SOURCE MATERIAL.
Start of Block

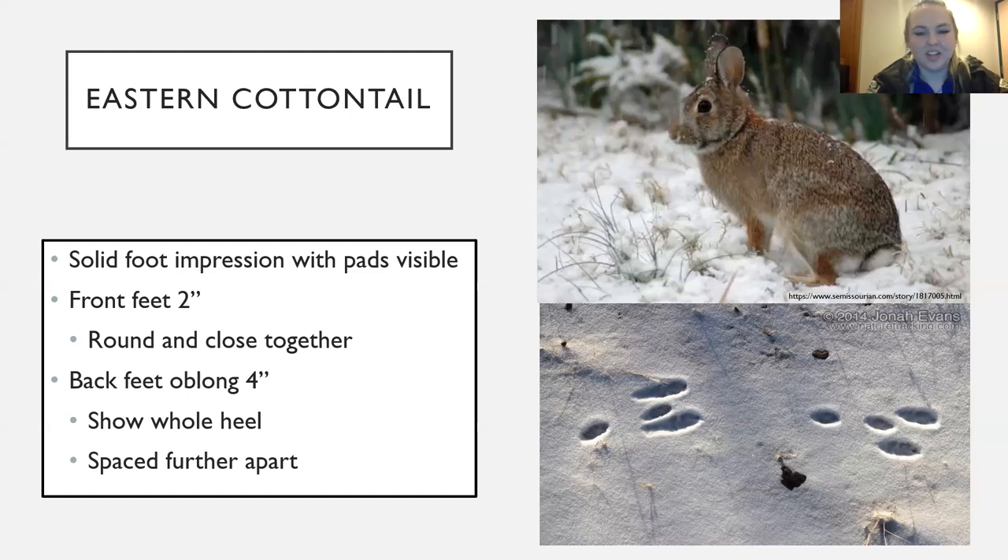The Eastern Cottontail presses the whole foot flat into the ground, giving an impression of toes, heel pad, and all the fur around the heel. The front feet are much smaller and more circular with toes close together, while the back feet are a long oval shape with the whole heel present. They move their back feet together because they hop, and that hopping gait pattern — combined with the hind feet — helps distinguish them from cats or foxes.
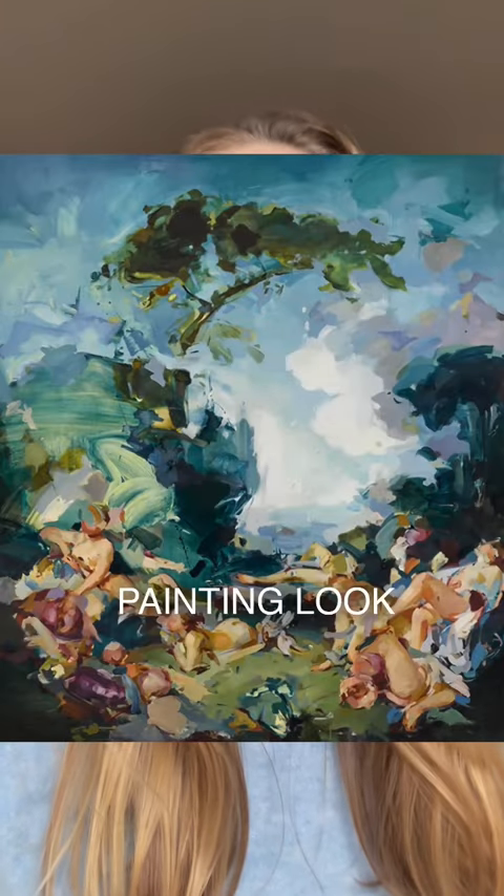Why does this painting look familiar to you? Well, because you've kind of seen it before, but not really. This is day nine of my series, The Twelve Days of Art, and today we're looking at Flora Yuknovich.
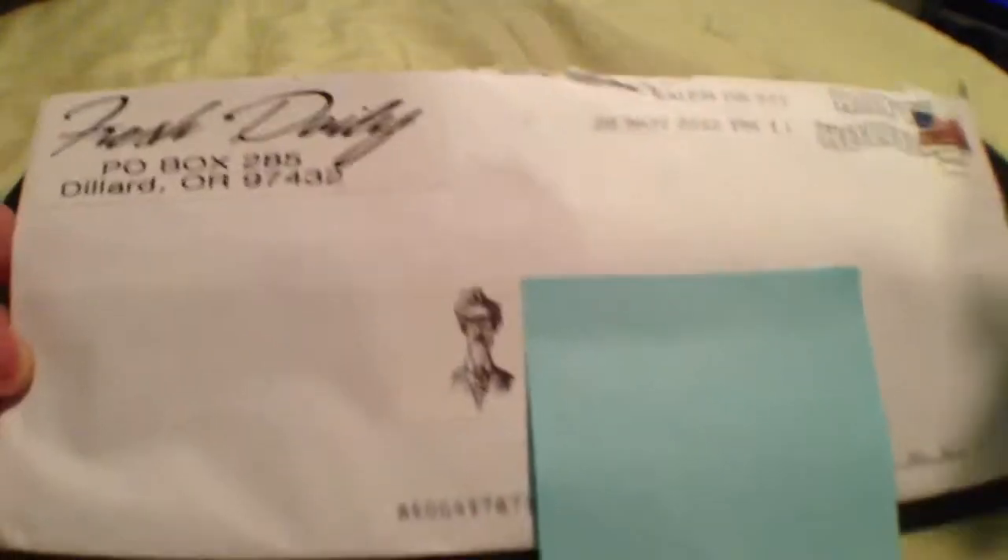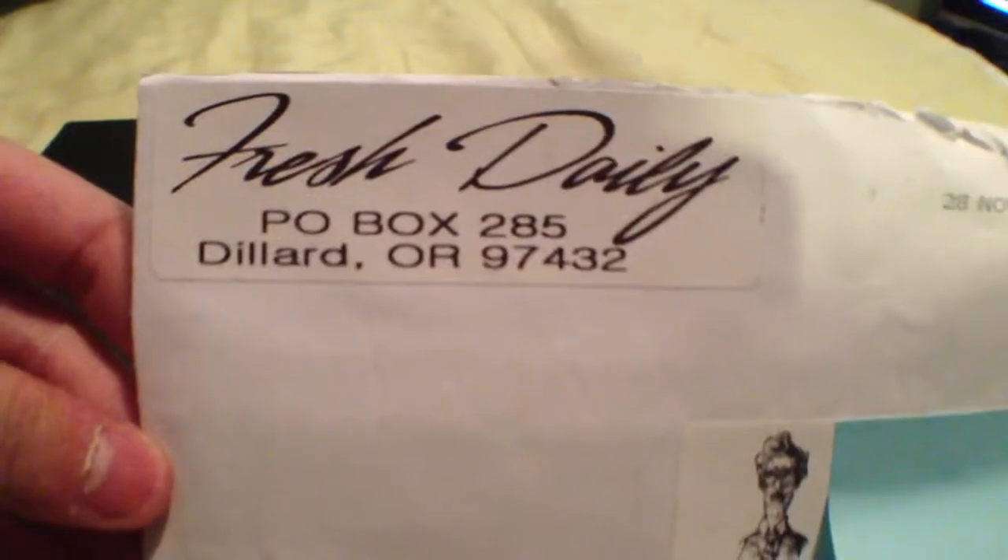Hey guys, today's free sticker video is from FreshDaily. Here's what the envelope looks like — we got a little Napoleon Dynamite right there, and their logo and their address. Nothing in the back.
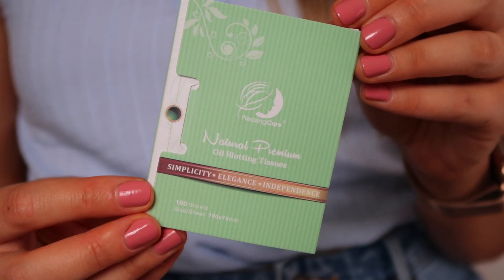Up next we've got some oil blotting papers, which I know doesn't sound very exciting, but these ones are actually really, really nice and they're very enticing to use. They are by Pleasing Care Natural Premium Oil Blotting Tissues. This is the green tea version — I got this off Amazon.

End of Block

WORK REQUIRED.
Copy the listing verbatim, omitting images.

REPLY.
The Eastern Cottontail presses the whole foot flat into the ground, giving an impression of toes, heel pad, and all the fur around the heel. The front feet are much smaller and more circular with toes close together, while the back feet are a long oval shape with the whole heel present. They move their back feet together because they hop, and that hopping gait pattern — combined with the hind feet — helps distinguish them from cats or foxes.
Why does this painting look familiar to you? Well, because you've kind of seen it before, but not really. This is day nine of my series, The Twelve Days of Art, and today we're looking at Flora Yuknovich.
Hey guys, today's free sticker video is from FreshDaily. Here's what the envelope looks like — we got a little Napoleon Dynamite right there, and their logo and their address. Nothing in the back.
Up next we've got some oil blotting papers, which I know doesn't sound very exciting, but these ones are actually really, really nice and they're very enticing to use. They are by Pleasing Care Natural Premium Oil Blotting Tissues. This is the green tea version — I got this off Amazon.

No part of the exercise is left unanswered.